I have bought an iPod. And it appears that the 3rd generation iPod is substantially different from the previous models. E.g. in its file system. In previous models you could convert the HFS+ file system into a FAT32 filesystem. HFS+ is the filesystem used by the new MacOS X OS. It cannot be read by Windows OS (unless you buy commerical third party software such as MacOpener or MacDrive). There are several Linux-interfaces for the iPod, but they all require that the iPod is mounted as a regular mass storage device. Suse Linux 9 luckily has support for HFS+ filesystems although it is still experimental.
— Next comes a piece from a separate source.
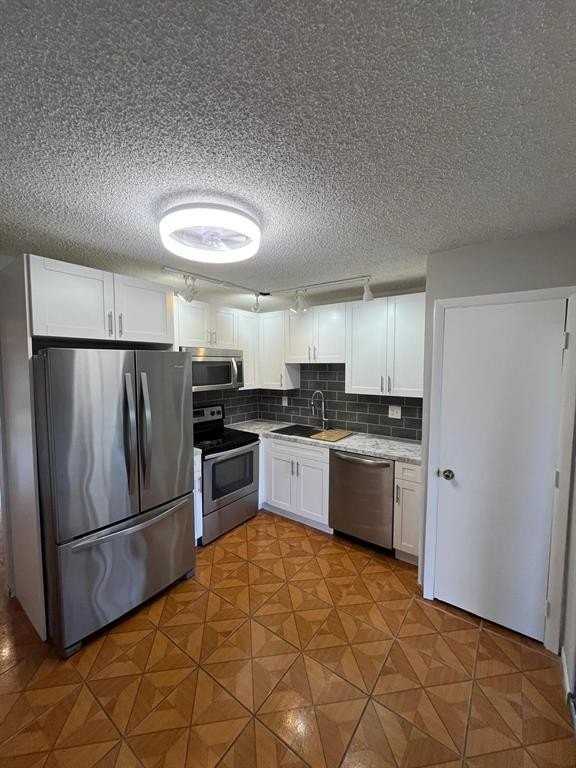 3573 Nw 111th Ter #0 - Photo 6 of 21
In order to be able to mount HFS+ formatted file systems, you have to load the hfsplus kernel module:
sudo /sbin/modprobe hfsplus
After that you can just plug in the iPod. After a while you will hear a beep meaning that it was recognized. To determine which device number it got you should check the system messages:
tail -30 /var/log/messages
As it is handles like a SCSI device it will get probably sda if it is your first usb/firewire device. If you have already usb or firewire devices connected to your computer it will get maybe sdb or sdc (and so on). Create a mount point:
sudo mkdir /media/ipod
The 3rd generation iPod has apparently two partitions. The first must be for the firmware/system software (sdx1) and the second is for the data (sdx29. Funnily when I tried to mount it with
sudo mount -t hfsplus /dev/sdc2 /media/ipod
the system complained that something is not OK with the device. However, when I tried:
sudo mount -o umask=000 /dev/sdc2 /media/ipod
everything went smoothly. The umask option is necessary in order to give everybody read-write access. Otherwise only root can write. I installed gtkpod to move my mp3s to the iPod. There is even a Suse 9 rpm around.